(SUPPLIED RECORDS begins)
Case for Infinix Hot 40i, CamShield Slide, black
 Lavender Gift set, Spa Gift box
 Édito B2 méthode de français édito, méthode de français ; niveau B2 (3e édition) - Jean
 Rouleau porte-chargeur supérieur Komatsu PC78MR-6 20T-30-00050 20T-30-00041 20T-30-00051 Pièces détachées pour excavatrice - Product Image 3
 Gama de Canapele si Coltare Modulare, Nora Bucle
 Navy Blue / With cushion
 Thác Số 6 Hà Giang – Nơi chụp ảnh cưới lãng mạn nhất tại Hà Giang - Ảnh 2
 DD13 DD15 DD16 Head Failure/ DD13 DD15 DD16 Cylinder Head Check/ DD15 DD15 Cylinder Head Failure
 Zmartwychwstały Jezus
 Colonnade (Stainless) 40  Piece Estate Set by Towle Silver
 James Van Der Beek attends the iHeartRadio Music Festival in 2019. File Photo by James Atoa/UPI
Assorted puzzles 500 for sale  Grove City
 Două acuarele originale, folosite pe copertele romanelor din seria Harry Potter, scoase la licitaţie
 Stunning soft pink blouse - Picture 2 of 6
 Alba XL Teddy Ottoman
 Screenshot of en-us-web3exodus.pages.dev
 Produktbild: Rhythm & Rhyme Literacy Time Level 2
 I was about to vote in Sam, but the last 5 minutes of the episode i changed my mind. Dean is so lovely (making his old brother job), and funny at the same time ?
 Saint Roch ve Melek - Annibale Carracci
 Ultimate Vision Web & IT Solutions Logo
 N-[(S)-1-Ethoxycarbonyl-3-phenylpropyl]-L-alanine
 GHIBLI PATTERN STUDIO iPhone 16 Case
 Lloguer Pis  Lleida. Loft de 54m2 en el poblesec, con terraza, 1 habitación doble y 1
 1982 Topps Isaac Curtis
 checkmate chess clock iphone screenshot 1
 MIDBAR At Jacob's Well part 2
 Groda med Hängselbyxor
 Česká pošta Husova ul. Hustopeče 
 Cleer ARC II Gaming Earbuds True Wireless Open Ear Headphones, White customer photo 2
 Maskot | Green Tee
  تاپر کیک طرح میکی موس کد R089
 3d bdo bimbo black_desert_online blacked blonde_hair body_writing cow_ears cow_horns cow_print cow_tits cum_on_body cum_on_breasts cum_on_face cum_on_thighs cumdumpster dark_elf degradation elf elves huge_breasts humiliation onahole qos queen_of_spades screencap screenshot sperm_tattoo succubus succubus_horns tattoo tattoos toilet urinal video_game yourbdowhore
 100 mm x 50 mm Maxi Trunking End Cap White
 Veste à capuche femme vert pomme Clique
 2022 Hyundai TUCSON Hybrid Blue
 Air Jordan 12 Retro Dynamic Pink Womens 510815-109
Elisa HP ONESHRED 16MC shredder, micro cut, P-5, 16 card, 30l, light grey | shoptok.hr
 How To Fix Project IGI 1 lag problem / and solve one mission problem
(SUPPLIED RECORDS ends)
INSTRUCTIONS FOR THE TASK
From the records above, copy out the line with "Zmartwychwstały Jezus", the line with "GHIBLI PATTERN STUDIO iPhone 16 Case", and every line between them, word for word.

COMPLETED TASK
 Zmartwychwstały Jezus
 Colonnade (Stainless) 40  Piece Estate Set by Towle Silver
 James Van Der Beek attends the iHeartRadio Music Festival in 2019. File Photo by James Atoa/UPI
Assorted puzzles 500 for sale  Grove City
 Două acuarele originale, folosite pe copertele romanelor din seria Harry Potter, scoase la licitaţie
 Stunning soft pink blouse - Picture 2 of 6
 Alba XL Teddy Ottoman
 Screenshot of en-us-web3exodus.pages.dev
 Produktbild: Rhythm & Rhyme Literacy Time Level 2
 I was about to vote in Sam, but the last 5 minutes of the episode i changed my mind. Dean is so lovely (making his old brother job), and funny at the same time ?
 Saint Roch ve Melek - Annibale Carracci
 Ultimate Vision Web & IT Solutions Logo
 N-[(S)-1-Ethoxycarbonyl-3-phenylpropyl]-L-alanine
 GHIBLI PATTERN STUDIO iPhone 16 Case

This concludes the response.